2016 marks the last year of the EEOC’s 2013-2016 Strategic Enforcement Plan. Still, many of the issues the agency faced three years ago remain, in addition to some new ones. From pregnancy discrimination to wellness programs to LGBT discrimination to harassment and, most recently, to pay discrimination, the EEOC continues to aggressively pursue employers who are not in compliance with federal law. It also follows its own internally developed enforcement guidelines on these subjects.

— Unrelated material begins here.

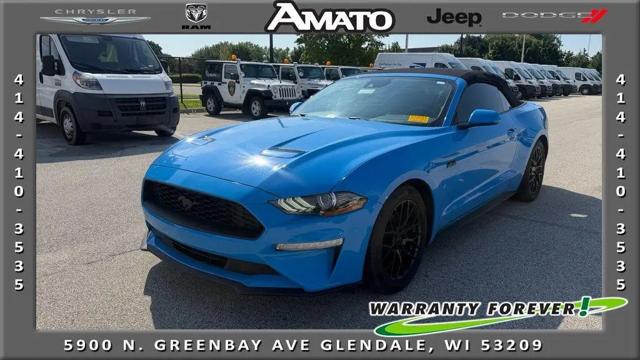 2022 Ford Mustang EcoBoost Premium Convertible for sale in Glendale, WI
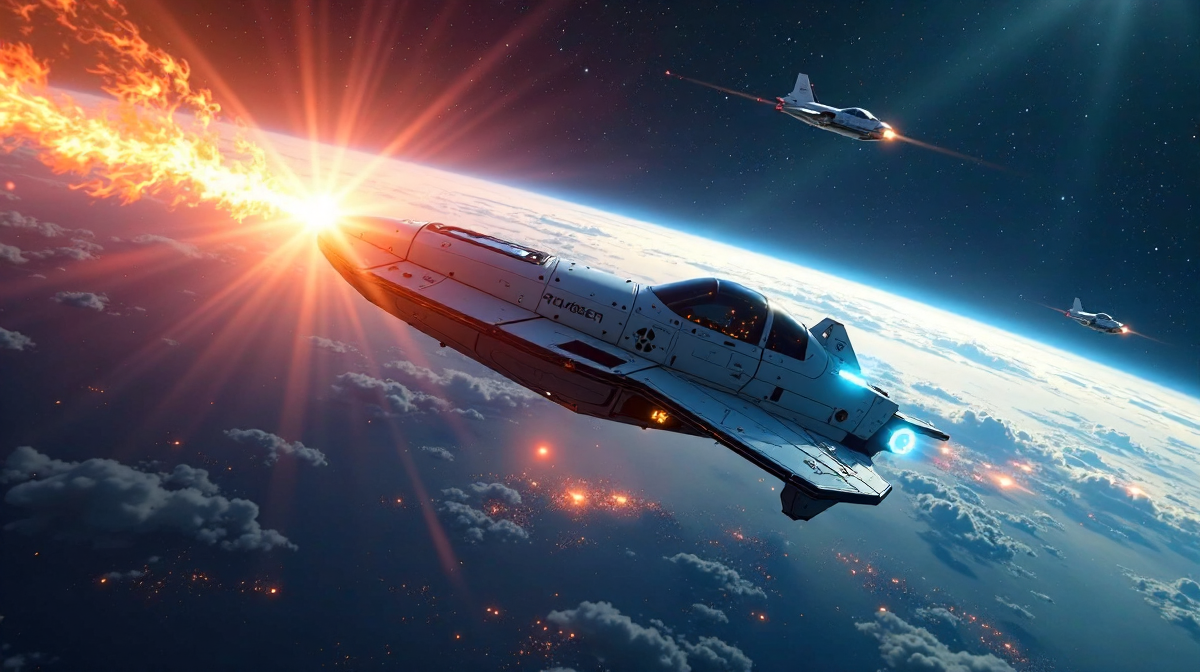 Der Wettlauf im All: Künstliche Intelligenz, Weltraumschrott und neue Technologien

For 2016, the EEOC requested federal funds to hire 47 new investigators. With charges of discrimination still hovering around the 100,000 per year mark, the EEOC can be expected to be extremely vigilant about pursuing employers who are not in compliance with federal discrimination laws. The EEOC recognized in its Strategic Enforcement Plan that an outreach campaign aimed at educating employees is an important strategy to deter employer violations.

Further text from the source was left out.